The Fed’s Credit Head Fake Imperils Yield Curve Policy Prospects

The Fed has still not acted on its promise in February to purchase essentially unlimited amounts of investment grade and junk corporate debt and ETFs. While a yield chasing frenzy has allowed marginally investment grade issuers – including Walking Dead extras Carnival and Boeing – to raise stonking amounts of debt without the central bank’s help, the Fed risks losing credibility. Given its hopes to manage its balance sheet bloat through a yield curve control (YCC) policy, its timing couldn’t be worse.

The Fed’s empty jawboning has not gone unnoticed. On Friday, Bank of America credit analysts wrote:

Note to Fed: a lot of investors (including non-credit ones) have bought IG corporate bonds the past two months. . . on the expectation they can sell to you. So would be helpful if you soon began buying broadly and in size. (H/T Grant’s Almost Daily)
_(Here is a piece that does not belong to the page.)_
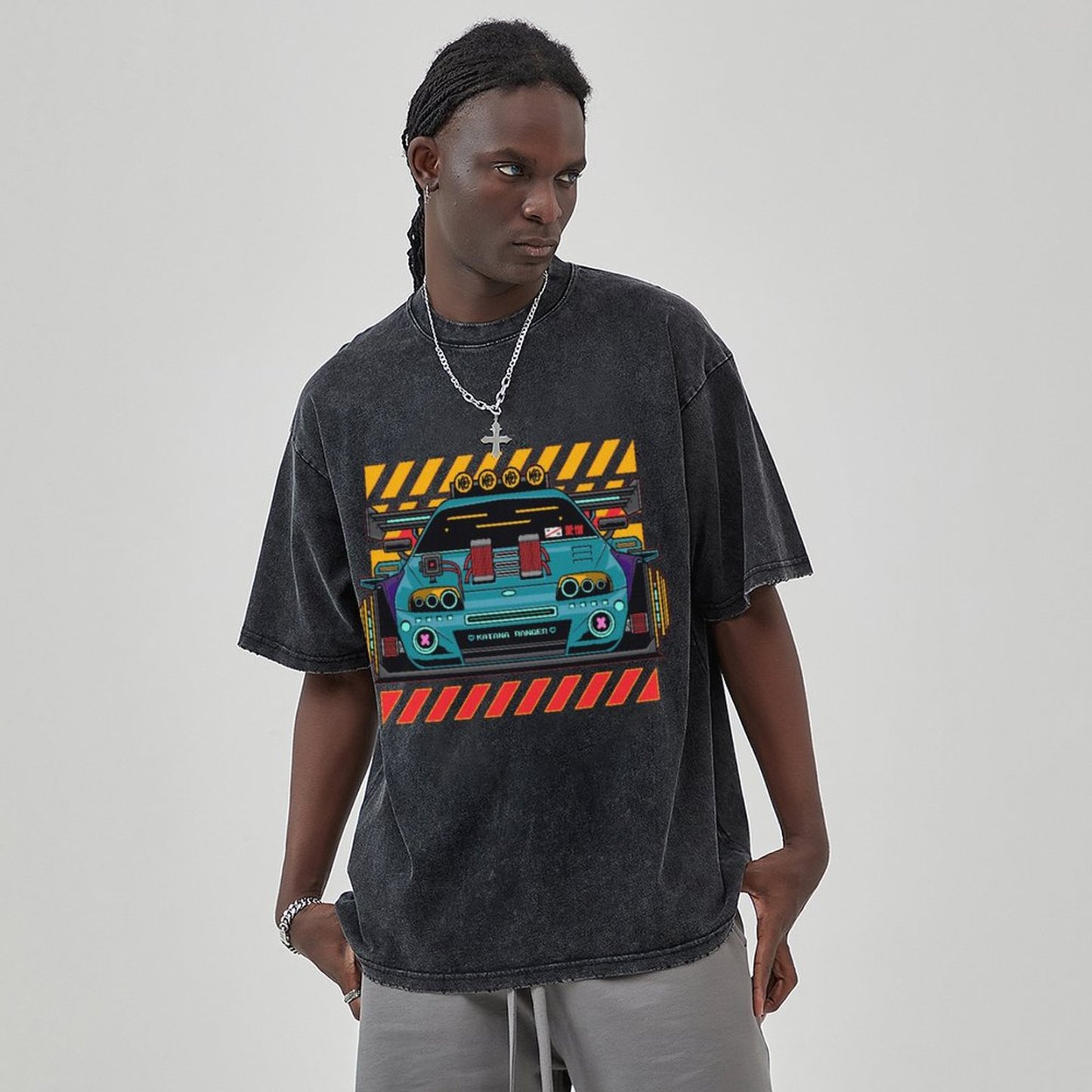 Unisex Vintage Solid Wash Denim T-Shirts 1003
On April 23, Wolf Richter wrote:

So over the past four weeks, the Fed has not done any of the things with these SPVs and Primary Dealers that the markets were raving about it would do. It didn’t buy junk bonds, it didn’t buy ETFs, it didn’t buy stocks, it didn’t buy old bicycles. But Wall Street sure loved raving about it.

The situation hadn’t changed as of last week’s Fed balance sheet report.

The Fed’s credibility, always crucial, is particularly important now, with central bank grandees considering using a YCC policy to control rates without further ballooning its balance sheet. In essence, this involves telling the market that it will buy Treasuries at a given price. No one sells lower than that, knowing they can sell to the Fed, so rates stay at the target level, even if the Fed doesn’t actually buy much. But for that to work, as it did during World War II, the market has to believe the Fed will support the peg.

Hence the need for credibility, which the Fed is now frittering away.